/---

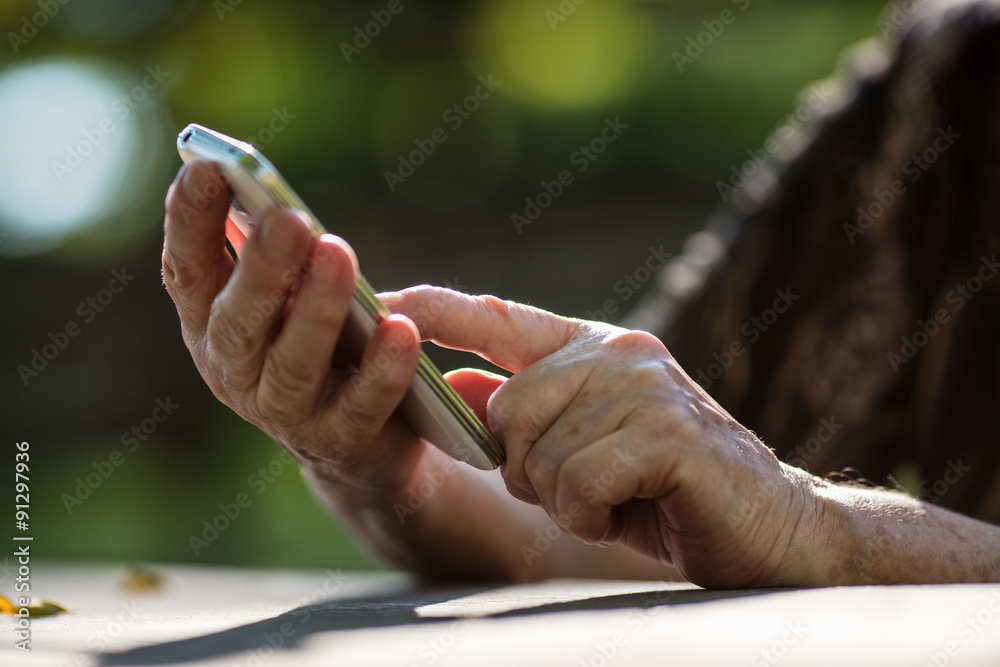 finger of aged hand touching a mobile phone finger of aged hand touching a mobile phone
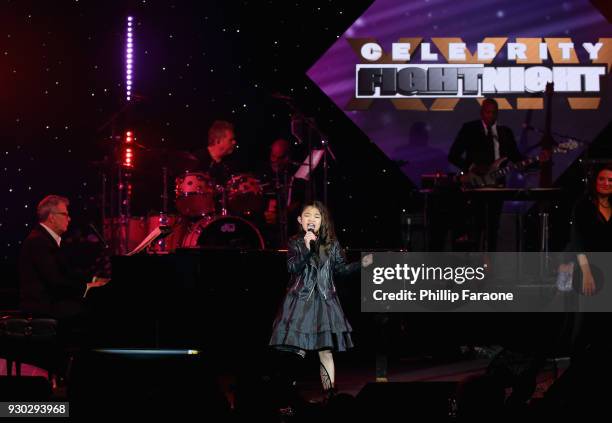 David Foster and Angelica Hale perform onstage at Celebrity Fight Night XXIV on March 10, 2018 in Phoenix, Arizona.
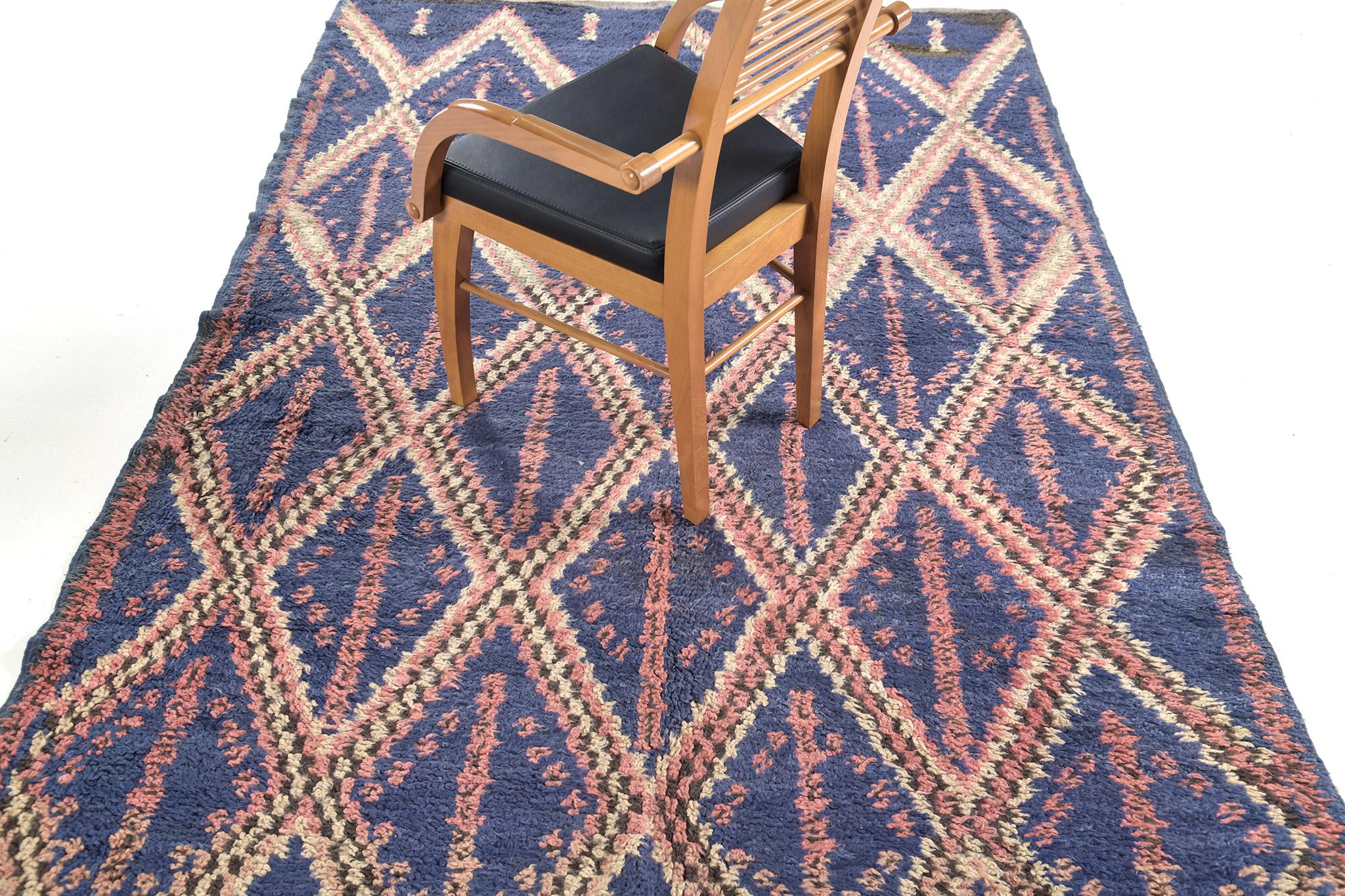 A breathtaking Vintage Moroccan Ourain Tribe rug. This magnificent rug features slate blue, hints of salmon and cream that create a gorgeous and exquisite piece that will enhance a wide variety of interiors. The panel design patterns of lozenge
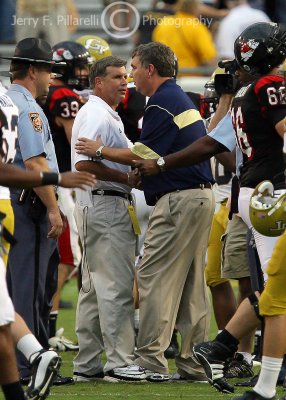 Jackets Head Coach Paul Johnson meets at midfield after the game with Gardner-Webb Head Coach Steve Patton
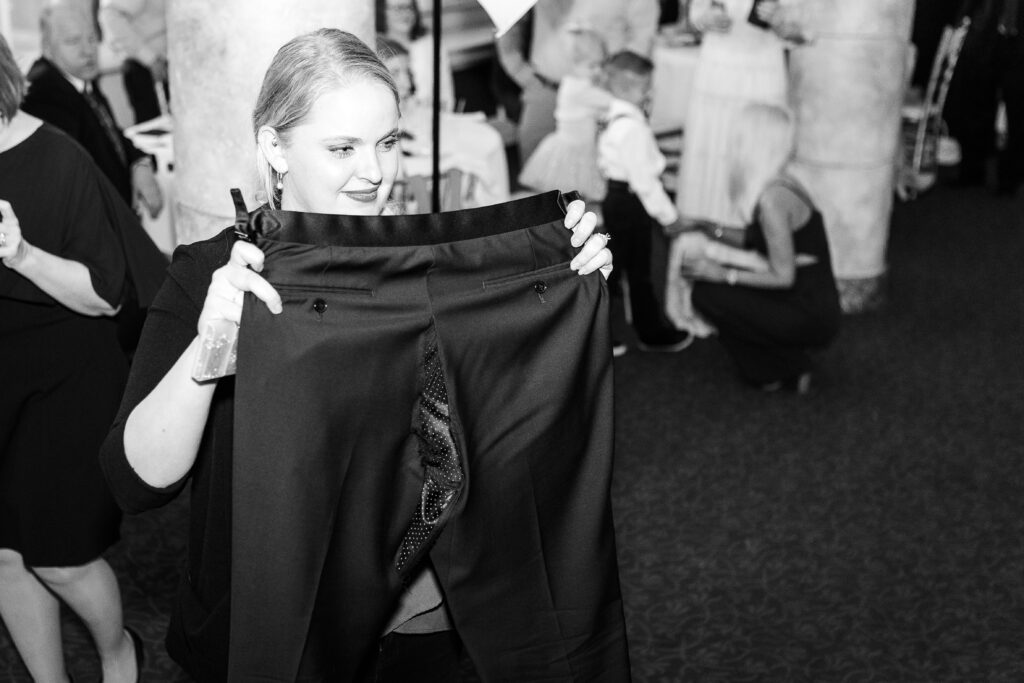 A black and white photo of a woman holding up a pair of mens' dress pants, showing the rear seam, ripped from dancing too hard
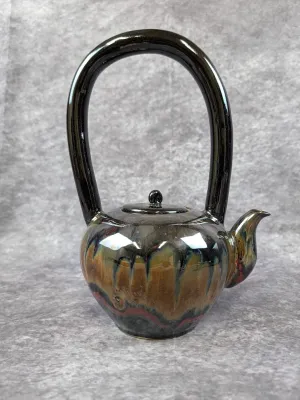 Artisan studio pottery teapot featuring a high, dramatic overhead handle and a glossy drip glaze in earth tones of brown, black, and red.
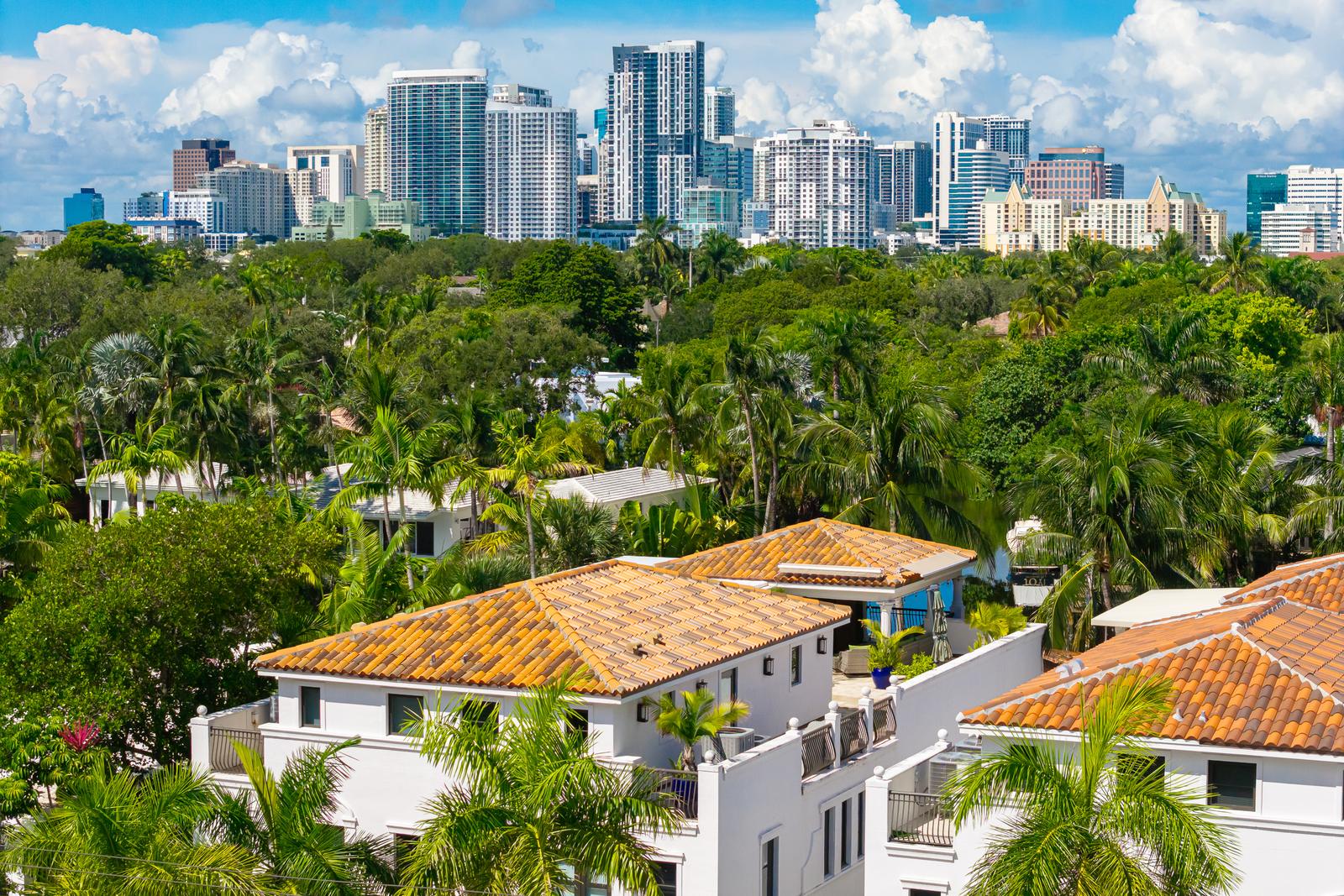 Aerial view of 411 Hendricks Isle with the Fort Lauderdale skyline behind it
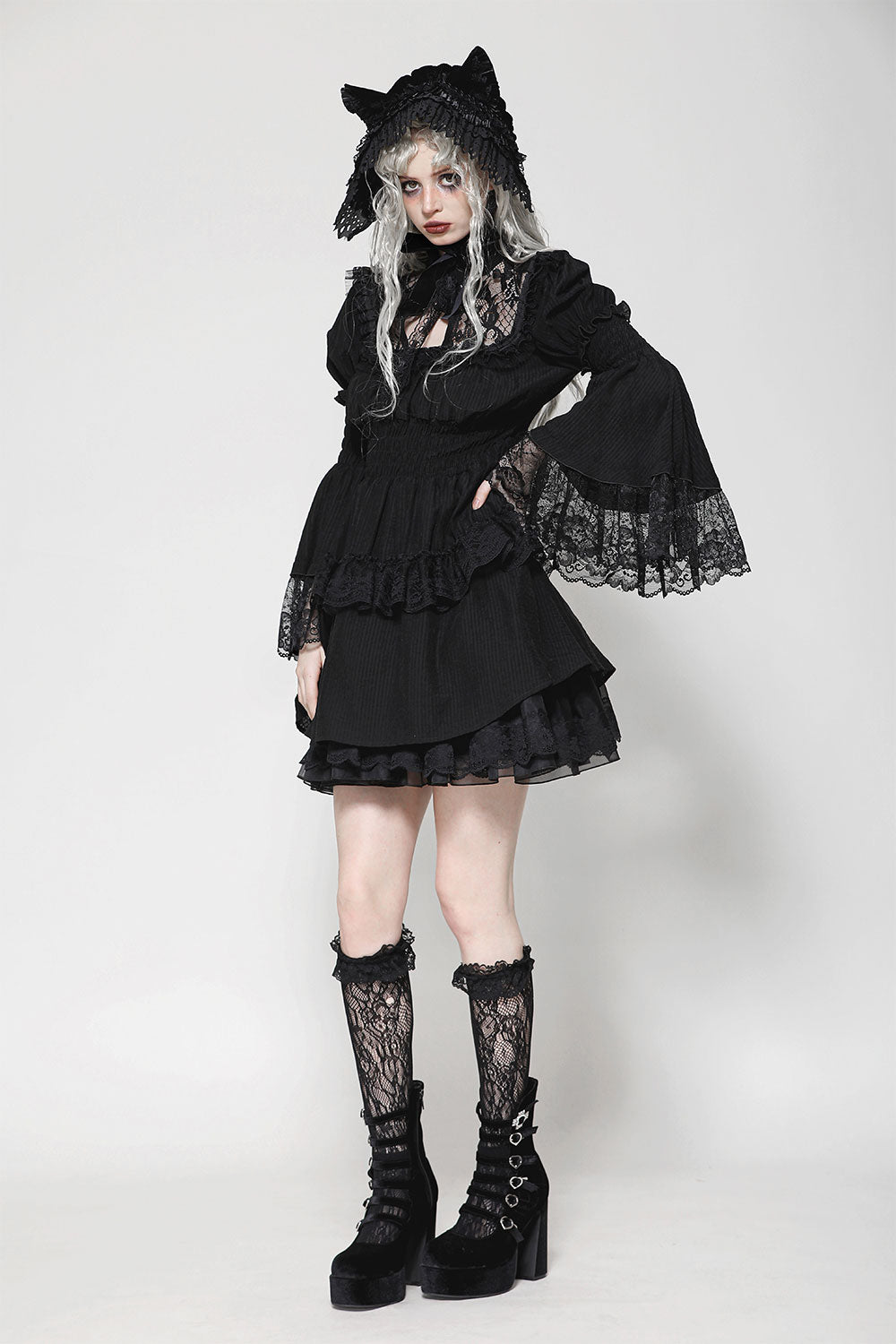Flattering black dress for women with bell sleeves and lace trim
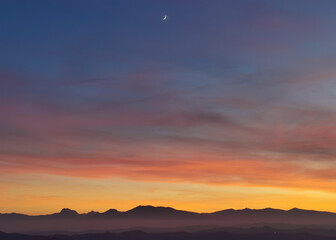 Fototapeta na wymiar Tramonto blu e arancio con luna nel cielo sopra le montagne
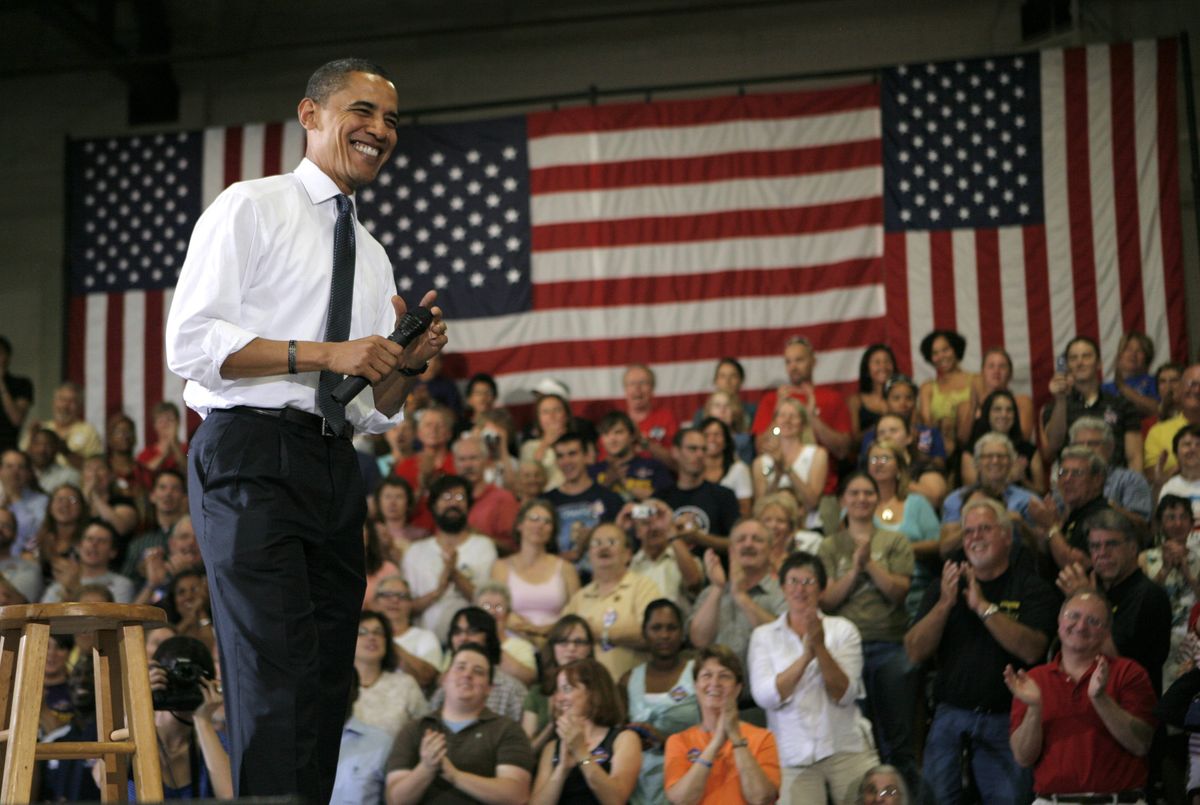 Sen. Barack Obama, D-Ill., smiles while speaking at a town hall-style meeting Thursday in Cedar Rapids, Iowa. Associated Press photos (Associated Press photos / The Spokesman-Review)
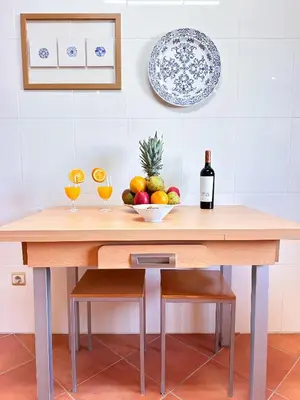 a table with two glasses of wine and a bowl of fruit at Balaia Maggs House Pool & Ocean view by BeCherish in Albufeira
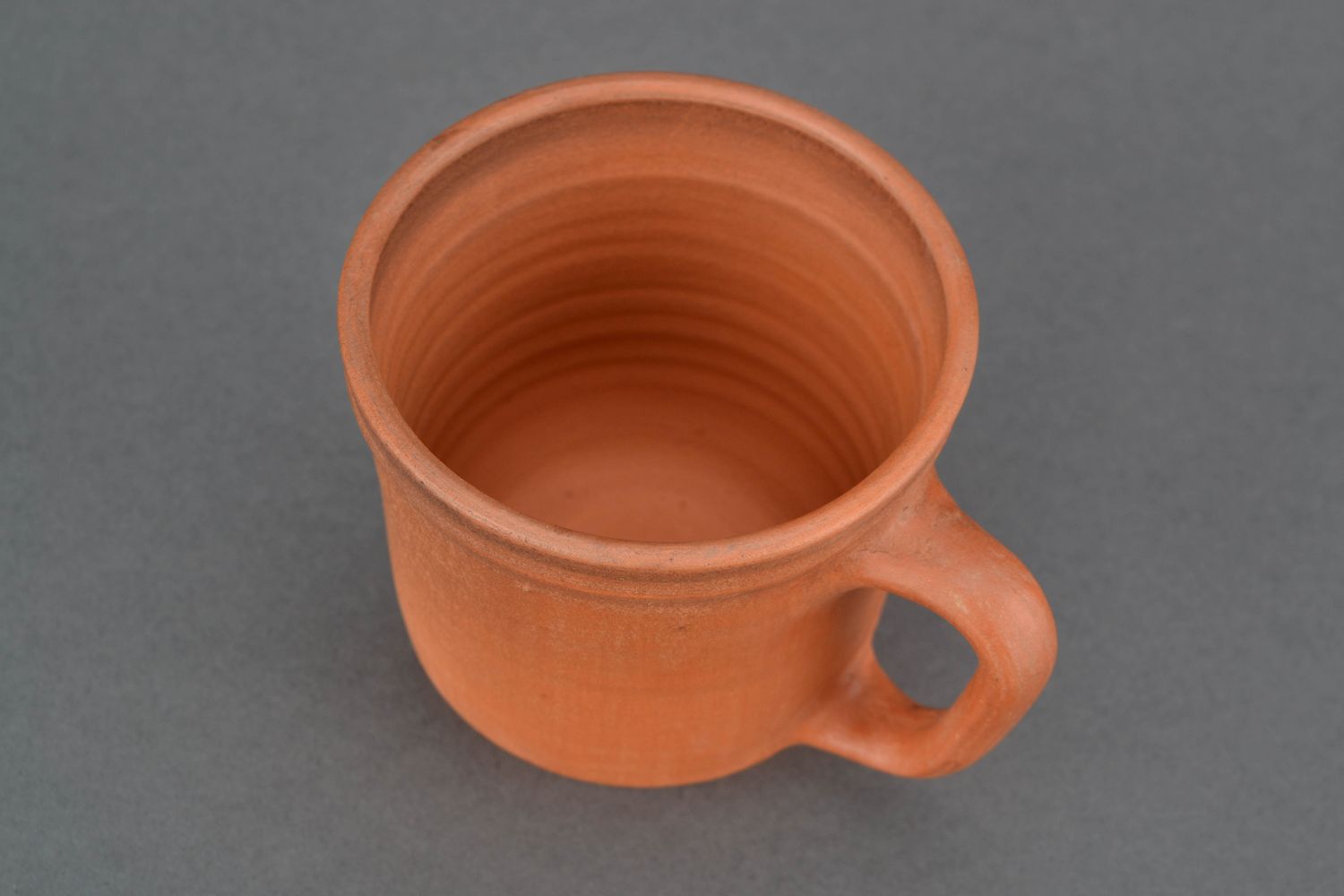 10 oz classic style clay Mexican coffee cup in terracotta color with handle and no pattern photo 3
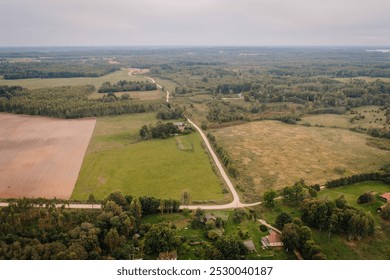 Aerial view of a countryside landscape with open fields, patches of forest, and winding rural roads under a cloudy sky. - Powered by Shutterstock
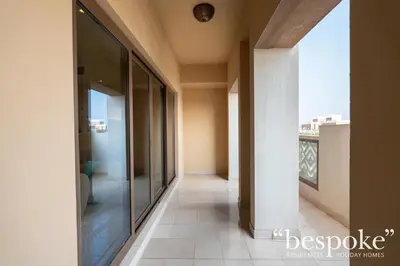 a corridor of a building with a view of a balcony at Bespoke Holiday Homes - Spacious 2BR Luxury Apartment with Stunning Palm Views, Balqis in Dubai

\---

**Task to complete:** While skipping the pictures, transcribe the data above from the line showing "David Foster and" through the line showing "Sen. Barack Obama, D-Ill., smiles", exactly and with both ends.

**Solution for this exercise:**
 David Foster and Angelica Hale perform onstage at Celebrity Fight Night XXIV on March 10, 2018 in Phoenix, Arizona.
 A breathtaking Vintage Moroccan Ourain Tribe rug. This magnificent rug features slate blue, hints of salmon and cream that create a gorgeous and exquisite piece that will enhance a wide variety of interiors. The panel design patterns of lozenge
 Jackets Head Coach Paul Johnson meets at midfield after the game with Gardner-Webb Head Coach Steve Patton
 A black and white photo of a woman holding up a pair of mens' dress pants, showing the rear seam, ripped from dancing too hard
 Artisan studio pottery teapot featuring a high, dramatic overhead handle and a glossy drip glaze in earth tones of brown, black, and red.
 Aerial view of 411 Hendricks Isle with the Fort Lauderdale skyline behind it
Flattering black dress for women with bell sleeves and lace trim
 Fototapeta na wymiar Tramonto blu e arancio con luna nel cielo sopra le montagne
 Sen. Barack Obama, D-Ill., smiles while speaking at a town hall-style meeting Thursday in Cedar Rapids, Iowa. Associated Press photos (Associated Press photos / The Spokesman-Review)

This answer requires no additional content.